Ah, what cheap money won’t do. The ten-year U.S. Treasury Note, predicted by many smart pundits to be 3% by now is less than 2.50% as of this writing. . . the gift just keeps on giving. Recent sell offs in stocks and bonds have generally been greeted by solid rallies – it has been a while since we have seen a correction. Do we continue to climb the wall of worry? The economy reported a solid second quarter fueled by increasing consumer credit – will that continue? We need to see a big increase in business investments to give us confidence that the economy is on the right track. Before they do so, business wants to be “understood” by the administration.
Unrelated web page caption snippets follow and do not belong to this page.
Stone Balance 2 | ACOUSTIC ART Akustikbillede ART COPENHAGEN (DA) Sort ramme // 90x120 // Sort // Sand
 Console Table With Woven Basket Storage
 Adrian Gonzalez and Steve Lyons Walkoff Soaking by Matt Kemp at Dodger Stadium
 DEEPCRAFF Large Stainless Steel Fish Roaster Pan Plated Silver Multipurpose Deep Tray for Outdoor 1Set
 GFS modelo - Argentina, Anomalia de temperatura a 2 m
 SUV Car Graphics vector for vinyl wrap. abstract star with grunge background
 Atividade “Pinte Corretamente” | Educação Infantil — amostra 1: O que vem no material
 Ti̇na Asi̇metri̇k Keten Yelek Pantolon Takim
America’s increasing regulation and lack of investment incentives continue to inhibit our economy. Mr. President, please tear down those walls!
Both the Dow and S & P are trading at high-teens p/e multiples and may be vulnerable to a correction. The U.S. seems to be the best performing economy among the G-7. As the dollar strengthens, we continue to attract investors seeking safer ground. Multinational corporations based in the U.S. will feel the negative impact of the stronger dollar, so look for some earnings to be depressed because of currency translations. The U.S. fiscal year begins on October 1. The deficit is projected to be $525 billion. Let’s keep an eye on this figure.
China’s slowdown is real. Just look at the gaming industry feeling it hard in Macau. This will be an opportunity in the not too distant future.
Did President Obama say that the Cold War has ended? Someone should have told Mr. Putin as he snatched trillions of dollars of mineral rights from Ukraine’s western Black Sea coast.
An estimated 36.2% of U.S. adults under the age of 18 are pre-diabetic. This trend will put enormous pressure on the healthcare system. Quite frankly, health care costs are unsustainable if the U.S. is to be solvent.
We are in a traditionally volatile period for stocks – usually, however, the final quarter has been a good one for equities.
S & P profits are increasing, balance sheets are strong, and America seems to be the best place to invest; coupled with a strong dollar and abundant oil, we are a long way from the “fall” of 2008.
If we get leadership in Washington D.C. and a Congress that can function as statesmen, rather than politicians, we could be entering a great period for the U.S.
Robert Arnott of Pimco said, “In investing, what is comfortable is rarely profitable.” We continue to sleep with one eye open so that you can sleep with both of yours closed.